К мыслям о поэзии и ее назначении в жизни предрасполагала нашего писателя, как мы уже заметили, и литераторская среда, в которой он вращался. Что в кабинете Пушкина и Жуковского и их друзей речь неоднократно заходила о поэте, о том, кто он и зачем он в мире, – это более чем вероятно; Пушкина эта тема мучила всю жизнь, да и Жуковский много над ней думал. В их творчестве вопрос о призвании поэта был центральным, к которому постоянно возвращалась дума художника, и в стихотворениях того и другого поэта можно проследить по годам, как нарастал этот вопрос и какие разнообразные получал решения. Вся умственная атмосфера кружка Пушкина была насыщена мыслью об искусстве, понимаемом и как откровение, и как наслаждение, и, наконец, как «дело». Гоголь не мог остаться безучастным к этим разговорам, которые в нем самом будили старые настойчивые думы. И если его собеседники, не решая вопроса о призвании поэта в мире по существу, умели в сильных или трогательных стихах говорить о нем, то он умел этими стихами наслаждаться и черпал в них силу безотчетного восторга. Поэзия Пушкина и Жуковского учила Гоголя благоговению перед художником, подымала его лирическое настроение на большую высоту и в известной степени разобщала его с окружающей действительностью и с переживаемой минутой. Он, призванный стать бытописателем этой действительности и этой минуты, страдал немало от такого пафоса сердца, какой в нем всегда возбуждало искусство, но в этом же пафосе находил он и свою силу, как мы могли это видеть по его восторженным речам о «Борисе» Пушкина, «О скульптуре и живописи» и по его обращению к своему гению. И чем величественнее рисовался Гоголю поэт и его художническая миссия, тем труднее ему должна была казаться его собственная задача, и тем ощутительнее было для него противоречие поэзии в мечтах и прозы в жизни, а также возможный контраст между добром, которое заключено в искусстве, и злом, которое иногда из того же искусства может родиться.

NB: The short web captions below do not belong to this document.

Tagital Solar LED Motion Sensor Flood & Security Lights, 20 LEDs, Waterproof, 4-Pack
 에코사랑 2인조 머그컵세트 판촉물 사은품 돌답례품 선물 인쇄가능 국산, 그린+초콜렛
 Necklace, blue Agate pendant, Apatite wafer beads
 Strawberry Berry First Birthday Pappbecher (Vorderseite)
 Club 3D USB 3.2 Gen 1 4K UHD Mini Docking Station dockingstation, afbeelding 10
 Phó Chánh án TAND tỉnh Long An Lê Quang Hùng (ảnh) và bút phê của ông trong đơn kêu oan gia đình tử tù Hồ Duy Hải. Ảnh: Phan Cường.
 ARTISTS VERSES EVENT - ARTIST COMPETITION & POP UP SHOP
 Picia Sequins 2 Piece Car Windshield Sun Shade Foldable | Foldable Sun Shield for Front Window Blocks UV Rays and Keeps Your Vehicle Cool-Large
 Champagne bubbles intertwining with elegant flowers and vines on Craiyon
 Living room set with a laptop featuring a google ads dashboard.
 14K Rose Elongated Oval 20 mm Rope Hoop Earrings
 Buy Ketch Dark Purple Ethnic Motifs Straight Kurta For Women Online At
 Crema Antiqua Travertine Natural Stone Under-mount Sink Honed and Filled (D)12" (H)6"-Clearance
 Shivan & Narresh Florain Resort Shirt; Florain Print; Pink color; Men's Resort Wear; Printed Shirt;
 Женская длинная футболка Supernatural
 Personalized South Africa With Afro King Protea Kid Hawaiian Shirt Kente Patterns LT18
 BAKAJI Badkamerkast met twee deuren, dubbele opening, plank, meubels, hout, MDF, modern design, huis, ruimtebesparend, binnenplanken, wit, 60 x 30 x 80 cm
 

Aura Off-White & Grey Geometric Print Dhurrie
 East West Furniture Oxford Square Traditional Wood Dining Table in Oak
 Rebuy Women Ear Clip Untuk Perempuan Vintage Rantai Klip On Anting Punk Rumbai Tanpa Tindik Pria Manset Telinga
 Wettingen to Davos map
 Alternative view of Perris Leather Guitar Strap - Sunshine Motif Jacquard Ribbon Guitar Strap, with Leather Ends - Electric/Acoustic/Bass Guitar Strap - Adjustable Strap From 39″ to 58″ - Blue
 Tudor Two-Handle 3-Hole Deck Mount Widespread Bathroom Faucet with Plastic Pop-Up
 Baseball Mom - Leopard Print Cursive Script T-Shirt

Эти мысли стали со временем кошмаром Гоголя, но в те годы, о которых теперь идет речь, они были для него лишь интересной проблемой.
Кроме ближайших друзей, творчество которых заставляло Гоголя так возвышенно думать о поэте, наш художник находил поддержку своим взглядам и у многих из своих современников.
В 30-х и 40-х годах в литературе неоднократно ставился вопрос о призвании поэзии и о ее противоречии и борьбе с презренной прозой жизни. В тот романтический период нашей словесности это была тема модная и не у нас только, а также и на Западе. Французские и немецкие романтики, которых мы тогда так усердно читали, подсказывали нам различные решения этой эстетической задачи, и мы повторяли эти решения частью дословно, а иногда и с русскими вариациями. Остановимся подробнее на некоторых памятниках, в которых говорилось тогда о психическом мире поэта и его жизни на земле, ввиду их родства или совпадения с темой, которая тогда так занимала Гоголя. Мы увидим, как мысль Гоголя шла вровень с мыслью его поколения, опережая ее, однако, в художественном своем воплощении.